Pero no del todo. No era nunca posible restablecer exactamente el estado inicial. Conectar y desconectar el Campo era equivalente a una elongación y contracción de la nave que llevaba el generador, pero había un efecto de histéresis, por decirlo así, y no se podía nunca reproducir del todo la condición inicial, debido a todos los miles de cambios eléctricos y de movimientos de masas a bordo de la nave mientras estaba conectado el Campo. Esas asimetrías y distorsiones eran acumulativas, y aunque rara vez representaban más de una fracción de uno por ciento, eso era ya suficiente. Significaba que los equipos telemétricos de precisión y los circuitos sintonizados en los aparatos de comunicación perdían por completo su ajuste. Una nave, por sí sola, nunca podía percibir la perturbación, solamente cuando la comparaba con el equipo de otra nave, o trataba de comunicarse con ella, podía saber lo que había ocurrido.

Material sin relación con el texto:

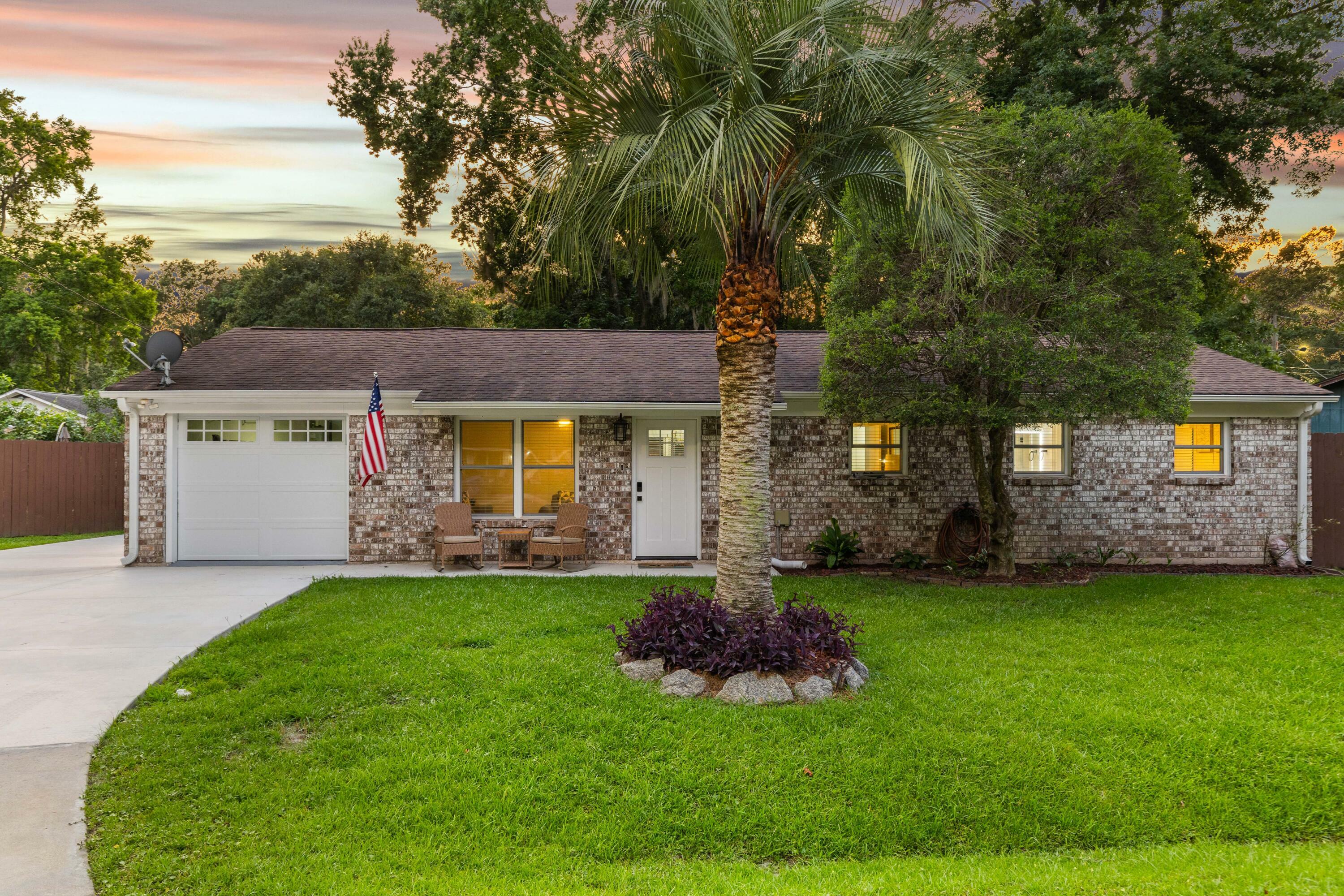 Property Photo: 1990 Butternut Street SC 29414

Es imposible describir el caos que se produjo. No había ni un solo componente de una nave del que se pudiese esperar con seguridad que podría utilizarse a bordo de otra. Incluso los mismos tornillos y las hembrillas no eran ya intercambiables, y la situación de los suministros se hizo imposible. Si hubiésemos tenido tiempo hubiésemos quizá podido superar incluso esas dificultades, pero las naves enemigas nos estaban atacando ya a millares, con armas que ahora parecían siglos más anticuadas que las que habíamos inventado. Nuestra magnífica flota, mutilada por nuestra propia ciencia, luchó lo mejor que pudo hasta que fue arrollada y forzada a rendirse. Las naves equipadas con el Campo eran aún invulnerables, pero como unidades de combate eran casi inútiles. Cada vez que conectaban sus generadores para escapar de un ataque enemigo, aumentaban la distorsión de sus instalaciones. Al cabo de un mes, todo había terminado.
* * *
Ésta es la historia verdadera de nuestra derrota, que doy sin prejuzgar mi defensa ante el Tribunal. La he expuesto, como ya he dicho, para contrarrestar las calumnias que han estado circulando contra los hombres que lucharon a mi mando, y para mostrar dónde se encuentra la verdadera culpa de nuestras desgracias.

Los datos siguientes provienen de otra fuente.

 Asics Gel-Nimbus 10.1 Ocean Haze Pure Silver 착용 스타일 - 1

Finalmente; mi solicitud, que, tal como el Tribunal habrá podido apreciar, no presento frívolamente, y que, por lo tanto, confío me será concedida.
El Tribunal se habrá dado cuenta que las condiciones en que estamos alojados y la vigilancia a que se nos somete día y noche son muy quebrantadoras. Pero no me quejo de eso; ni me quejo del hecho que la falta de acomodación haya hecho necesario alojarnos por parejas.
Pero no se podrá considerar responsable de mis futuros actos si se me sigue obligando a compartir mi celda con el Profesor Norden, ex Jefe del Personal de Investigación de mis fuerzas armadas.